Les causes ne sont pas connues et les facteurs de risque apparaissent multiples et de nature diverse. Les spécialistes reconnaissent l’implication de facteurs à la fois génétiques, familiaux et environnementaux, des facteurs liés à des complications obstétricales (asphyxie néonatale par exemple). Également des mécanismes neurobiologiques sous-tendraient les comportements impulsifs et le contrôle des émotions. De plus, d’autres paramètres biologiques pourraient jouer un rôle dans les comportements liés à l’impulsivité et la violence (le cholestérol ou certaines hormones comme la testostérone par exemple). Pour en savoir plus, vous pouvez consulter le rapport de l’Inserm sur le trouble des conduites chez l’enfant et l’adolescent (2005).

Les pratiques éducatives parentales auraient également un rôle à jouer dans l’entretien de certains comportements. Ainsi, bien qu’une pratique éducative ne puisse en aucun cas être la cause du développement d’un trouble du comportement, elles peuvent, dans certains cas, faciliter le maintien d’interactions inadéquates au sein des familles. Comprendre les mécanismes de ces interactions peut permettre aux cliniciens d’aider les familles à mieux gérer les situations conflictuelles. Ce type de soutien fait en général appel aux théories de l’apprentissage.

La psychoéducation

Pour aider les familles dont les enfants présentent des troubles du comportement perturbateur, certains professionnels peuvent proposer des programmes psycho-éducatifs, notamment des programmes d’entraînement aux habiletés parentales (Clément, 2013).
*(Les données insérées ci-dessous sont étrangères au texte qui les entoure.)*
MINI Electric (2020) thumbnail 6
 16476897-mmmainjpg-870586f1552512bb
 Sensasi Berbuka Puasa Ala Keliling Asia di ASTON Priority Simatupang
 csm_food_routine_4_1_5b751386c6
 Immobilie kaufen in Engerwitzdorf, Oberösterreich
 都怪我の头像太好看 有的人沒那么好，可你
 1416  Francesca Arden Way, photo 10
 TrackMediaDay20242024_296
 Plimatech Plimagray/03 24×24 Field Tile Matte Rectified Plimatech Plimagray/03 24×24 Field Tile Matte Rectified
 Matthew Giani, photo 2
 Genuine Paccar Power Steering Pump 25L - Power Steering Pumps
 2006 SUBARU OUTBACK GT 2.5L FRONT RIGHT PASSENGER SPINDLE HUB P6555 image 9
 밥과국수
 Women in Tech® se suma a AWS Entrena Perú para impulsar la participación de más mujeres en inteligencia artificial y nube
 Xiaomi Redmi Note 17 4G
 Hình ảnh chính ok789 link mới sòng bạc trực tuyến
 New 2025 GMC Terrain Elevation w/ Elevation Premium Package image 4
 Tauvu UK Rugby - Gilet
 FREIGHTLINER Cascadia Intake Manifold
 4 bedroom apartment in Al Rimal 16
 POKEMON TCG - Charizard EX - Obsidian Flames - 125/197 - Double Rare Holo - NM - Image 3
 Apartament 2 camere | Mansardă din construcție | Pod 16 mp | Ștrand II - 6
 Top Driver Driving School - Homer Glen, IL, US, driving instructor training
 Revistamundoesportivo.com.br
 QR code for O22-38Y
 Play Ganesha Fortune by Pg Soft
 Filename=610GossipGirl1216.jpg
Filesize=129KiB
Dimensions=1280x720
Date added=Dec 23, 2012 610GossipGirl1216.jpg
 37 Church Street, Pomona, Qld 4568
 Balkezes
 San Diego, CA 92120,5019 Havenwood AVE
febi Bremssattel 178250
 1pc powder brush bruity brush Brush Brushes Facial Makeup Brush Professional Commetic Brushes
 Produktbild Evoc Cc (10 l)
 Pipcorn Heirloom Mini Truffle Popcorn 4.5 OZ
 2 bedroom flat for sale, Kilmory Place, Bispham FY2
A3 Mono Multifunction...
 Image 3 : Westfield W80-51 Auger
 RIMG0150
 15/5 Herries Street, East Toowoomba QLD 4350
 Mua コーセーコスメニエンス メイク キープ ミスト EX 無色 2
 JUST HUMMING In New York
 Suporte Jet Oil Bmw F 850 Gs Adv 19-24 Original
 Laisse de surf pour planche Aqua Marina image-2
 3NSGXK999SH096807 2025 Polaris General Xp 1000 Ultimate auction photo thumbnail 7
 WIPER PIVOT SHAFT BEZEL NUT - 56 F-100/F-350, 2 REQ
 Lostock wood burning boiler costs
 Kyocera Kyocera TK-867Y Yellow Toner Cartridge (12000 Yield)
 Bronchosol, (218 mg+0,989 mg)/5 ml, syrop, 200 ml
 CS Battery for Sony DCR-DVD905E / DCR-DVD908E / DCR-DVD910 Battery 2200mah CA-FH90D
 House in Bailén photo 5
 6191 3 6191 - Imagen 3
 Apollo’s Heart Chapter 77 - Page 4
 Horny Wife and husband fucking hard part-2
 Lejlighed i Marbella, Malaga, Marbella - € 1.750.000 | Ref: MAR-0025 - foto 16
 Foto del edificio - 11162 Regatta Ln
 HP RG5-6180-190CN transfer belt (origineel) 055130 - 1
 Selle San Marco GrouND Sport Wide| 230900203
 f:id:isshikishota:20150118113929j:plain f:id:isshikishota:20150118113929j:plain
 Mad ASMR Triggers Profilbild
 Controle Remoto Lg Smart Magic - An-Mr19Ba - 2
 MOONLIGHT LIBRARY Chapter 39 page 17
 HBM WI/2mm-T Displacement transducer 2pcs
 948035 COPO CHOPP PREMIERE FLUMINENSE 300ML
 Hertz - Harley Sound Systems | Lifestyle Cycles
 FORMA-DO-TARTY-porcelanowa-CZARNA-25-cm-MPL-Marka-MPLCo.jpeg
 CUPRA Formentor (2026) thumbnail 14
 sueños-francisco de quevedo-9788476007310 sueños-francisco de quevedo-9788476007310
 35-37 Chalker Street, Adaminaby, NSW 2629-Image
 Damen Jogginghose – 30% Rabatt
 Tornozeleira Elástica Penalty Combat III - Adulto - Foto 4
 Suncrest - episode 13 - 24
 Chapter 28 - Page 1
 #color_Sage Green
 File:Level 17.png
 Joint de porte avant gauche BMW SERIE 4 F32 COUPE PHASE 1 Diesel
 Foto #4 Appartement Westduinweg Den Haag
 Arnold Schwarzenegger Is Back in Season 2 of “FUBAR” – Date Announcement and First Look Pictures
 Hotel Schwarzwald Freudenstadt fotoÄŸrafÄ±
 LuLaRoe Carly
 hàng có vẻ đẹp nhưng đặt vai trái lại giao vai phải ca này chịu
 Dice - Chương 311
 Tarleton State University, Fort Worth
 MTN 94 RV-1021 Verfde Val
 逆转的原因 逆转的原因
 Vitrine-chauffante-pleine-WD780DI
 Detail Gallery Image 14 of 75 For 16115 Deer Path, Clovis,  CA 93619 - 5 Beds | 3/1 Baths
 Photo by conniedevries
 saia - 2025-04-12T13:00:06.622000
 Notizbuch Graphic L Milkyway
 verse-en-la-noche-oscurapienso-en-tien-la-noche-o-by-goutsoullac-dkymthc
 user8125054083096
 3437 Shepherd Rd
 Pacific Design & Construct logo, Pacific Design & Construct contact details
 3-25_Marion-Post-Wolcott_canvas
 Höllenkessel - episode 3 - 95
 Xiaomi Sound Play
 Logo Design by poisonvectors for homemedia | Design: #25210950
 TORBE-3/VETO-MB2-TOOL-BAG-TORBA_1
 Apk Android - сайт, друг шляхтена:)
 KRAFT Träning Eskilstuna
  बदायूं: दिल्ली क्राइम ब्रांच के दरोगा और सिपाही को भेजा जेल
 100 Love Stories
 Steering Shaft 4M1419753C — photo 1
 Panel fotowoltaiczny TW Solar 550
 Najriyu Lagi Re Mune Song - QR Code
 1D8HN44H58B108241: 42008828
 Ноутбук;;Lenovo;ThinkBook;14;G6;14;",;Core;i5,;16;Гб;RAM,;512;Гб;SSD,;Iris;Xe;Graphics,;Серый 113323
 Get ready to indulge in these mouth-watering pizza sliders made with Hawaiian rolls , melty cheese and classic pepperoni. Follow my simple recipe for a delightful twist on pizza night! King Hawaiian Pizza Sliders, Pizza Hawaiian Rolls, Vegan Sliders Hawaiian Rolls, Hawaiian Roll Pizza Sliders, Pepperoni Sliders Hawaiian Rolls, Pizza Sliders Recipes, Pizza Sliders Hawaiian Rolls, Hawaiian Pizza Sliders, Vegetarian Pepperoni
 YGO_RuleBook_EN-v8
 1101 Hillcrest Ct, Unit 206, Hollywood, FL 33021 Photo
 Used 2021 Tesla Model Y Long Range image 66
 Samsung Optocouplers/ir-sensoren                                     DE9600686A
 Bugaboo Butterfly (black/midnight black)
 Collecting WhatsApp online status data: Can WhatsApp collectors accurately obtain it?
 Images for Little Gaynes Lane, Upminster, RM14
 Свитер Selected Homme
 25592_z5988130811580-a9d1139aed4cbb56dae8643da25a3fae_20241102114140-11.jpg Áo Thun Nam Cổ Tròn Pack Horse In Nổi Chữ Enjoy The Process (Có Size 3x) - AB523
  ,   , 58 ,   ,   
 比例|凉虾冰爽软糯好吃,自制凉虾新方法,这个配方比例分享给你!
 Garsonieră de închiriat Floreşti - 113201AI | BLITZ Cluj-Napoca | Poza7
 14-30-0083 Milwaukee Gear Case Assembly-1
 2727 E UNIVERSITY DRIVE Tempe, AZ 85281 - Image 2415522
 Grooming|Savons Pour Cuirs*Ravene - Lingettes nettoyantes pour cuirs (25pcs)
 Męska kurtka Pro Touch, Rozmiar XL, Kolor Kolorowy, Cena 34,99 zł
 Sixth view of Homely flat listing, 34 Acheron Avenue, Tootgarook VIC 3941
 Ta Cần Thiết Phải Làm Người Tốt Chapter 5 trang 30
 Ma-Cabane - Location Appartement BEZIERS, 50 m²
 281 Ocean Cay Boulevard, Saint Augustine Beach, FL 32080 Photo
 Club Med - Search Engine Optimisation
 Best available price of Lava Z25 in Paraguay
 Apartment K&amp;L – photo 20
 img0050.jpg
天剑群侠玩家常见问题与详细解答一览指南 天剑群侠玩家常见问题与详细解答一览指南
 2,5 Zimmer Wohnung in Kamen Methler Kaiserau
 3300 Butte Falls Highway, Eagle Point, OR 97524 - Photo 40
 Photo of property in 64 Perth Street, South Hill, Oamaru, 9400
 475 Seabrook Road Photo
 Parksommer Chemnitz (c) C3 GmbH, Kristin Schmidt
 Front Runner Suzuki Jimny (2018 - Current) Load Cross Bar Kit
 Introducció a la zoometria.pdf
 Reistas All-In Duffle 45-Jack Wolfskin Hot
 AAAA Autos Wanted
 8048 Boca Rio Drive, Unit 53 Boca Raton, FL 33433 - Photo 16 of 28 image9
Il s’agit d’enseigner aux familles des stratégies d’adaptation et de gestion de comportement tout en les aidant à mieux comprendre pourquoi les interactions conflictuelles se maintiennent. « La psychoéducation implique d’enseigner aux parents les éléments concernant les difficultés que leurs enfants rencontrent, les signes de leurs problématiques spécifiques, et la façon de faire face aux situations difficiles ». Les parents apprennent ainsi à mieux identifier les éléments précurseurs des comportements de leur enfant et leur conséquence (qu’est-ce qu’ils y gagnent ?). Il devient alors plus facile de changer leurs comportements et ceux de leurs enfants.

Un exemple : dans les familles d’adolescents présentant des conduites agressives, on observe de façon plus fréquente la présence d’éléments spécifiques comme les châtiments corporels. Cependant, alors que les fessées ou les gifles ont pour la plupart des enfants une valeur de punition, on constate parfois que pour ces jeunes, les châtiments physiques sont au contraire une forme d’attention donnée par le parent. Le besoin d’attention étant si fondamental, les châtiments donnés par les parents voient leur nombre augmenter et se maintenir, en même temps que les comportements inadaptés émis par le jeune qui a appris que c’était pour lui un moyen efficace d’obtenir de l’attention. Pour les parents, l’enjeu psycho-éducatif consistera alors à les aider à modifier progressivement leurs comportements d’attention, tout en modélisant des comportements plus appropriés chez l’enfant. C’est précisément pour ces nouveaux comportements que seront apportés une forme d’attention plus appropriée.

Source :

Clément, C. (2013). Conditionnement, apprentissage et comportement humain. Paris : Dunod.